On Sunday, the Cabinet rejected a bill proposed by MK Yael German (Yesh Atid) to allow local authorities to determine whether or not to operate public transportation in their respective municipalities.
Currently, throughout most of Israel, there is no public transportation on Saturday.
A survey published by the Smith Polling Institute revealed that a majority (72%) of the Jewish Israeli public support the availability of full scale or partial public transportation on Shabbat and holidays.
Of the 28% who are opposed to operating public transportation on Shabbat and holidays, 19% favor the current situation while 9% support getting rid of the limited transportation that is currently available.
When examining levels of observance, the survey revealed that 94% of secular Jews support the initiative, as do 67% of traditional Jews, and 52% of Zionist-Orthodox Jews.
Unsurprisingly, 97% of Haredi Jews oppose the idea of public transportation on Shabbat, with 55% in favor doing away with the limited public transportation currently available on Shabbat.
Among voters for the coalition parties, there was high support for operating partial or full public transportation on Shabbat: 65% of Likud voters, 86% of Kulanu, 91% of Yisrael Beiteinu, and 65% of Jewish Home.

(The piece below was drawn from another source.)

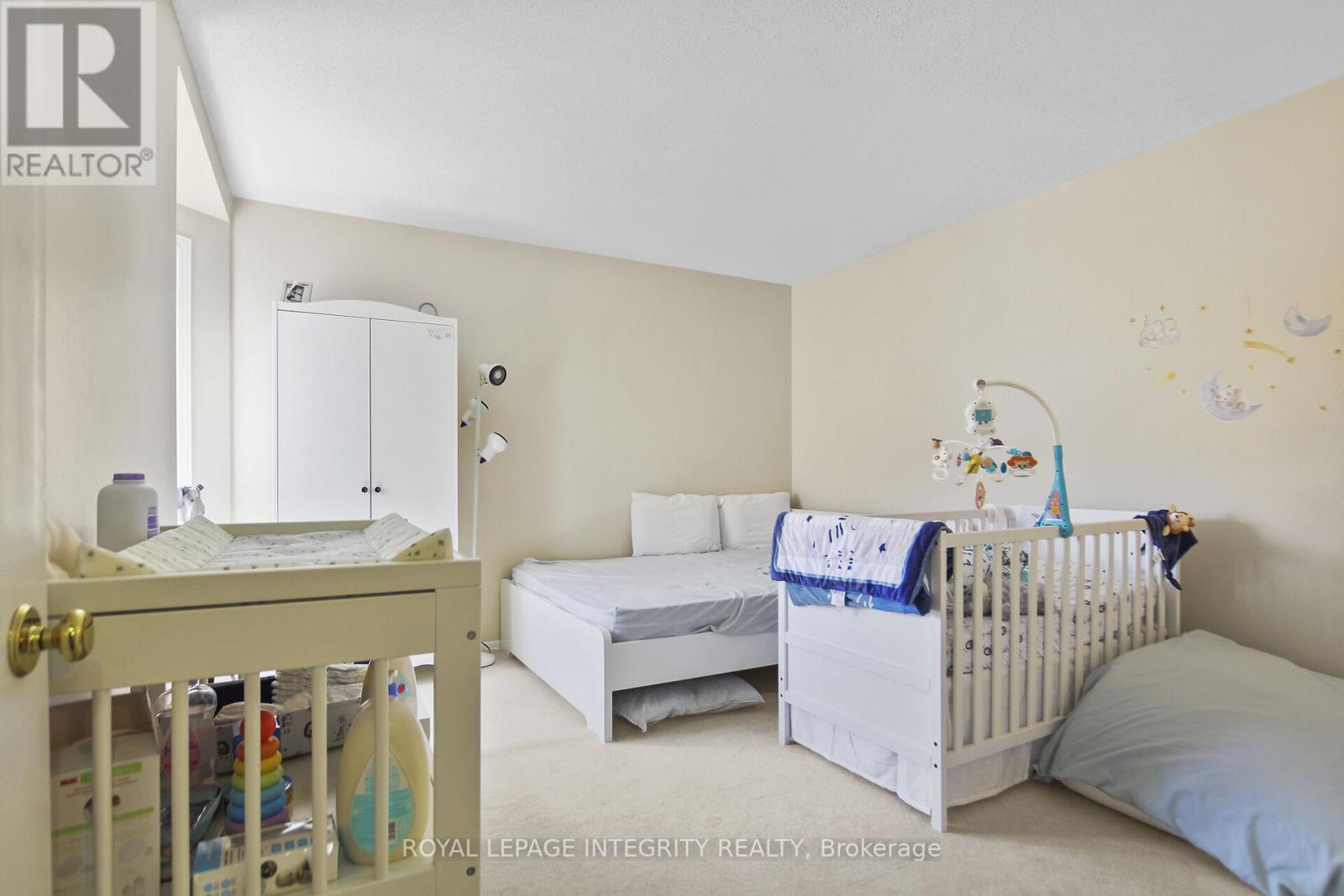 10 - 3 Stonebank Crescent Property Photo 24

Voters for the opposition parties also supported the initiative: 93% of Zionist Union voters, 94% of Yesh Atid, and 94% of Meretz.

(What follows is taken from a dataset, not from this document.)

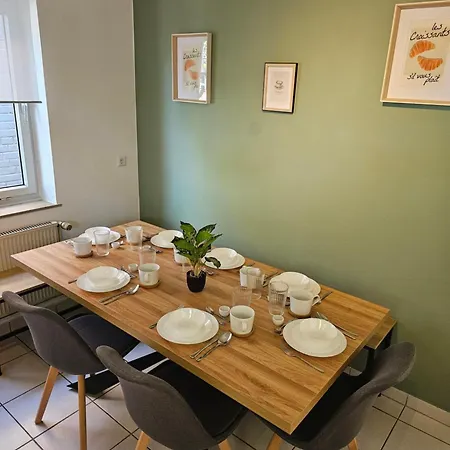 4 Schlafzimmer - 7 Betten, Parkplatz, Terasse, Wlan *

Only a majority of voters among the Haredi political parties opposed public transportation on Shabbat: 80% of Shas and 100% of United Torah Judaism voters.
"There is an intolerable gap between the public's support for the operation of public transportation on Shabbat, including the support of voters for the Government Coalition parties, and the obstinate, criminal indifference of the Coalition,” said Rabbi Uri Regev, Head of Hiddush.
“Despite the tremendous level of public support, and despite the public's vital need, the Ministry of Transportation does not allow it,” said Rabbi Regev adding that “There is no reasonable excuse for rejecting this proposal, other than kowtowing to the ultra-Orthodox parties' political coercion and bullying.”
"This proves once again that most of the Israeli public is interested in having public transportation available on Shabbat,” said MK Yael German. “Support increases every year, and it crosses party lines, including the Zionist Orthodox Jewish Home party's voters.”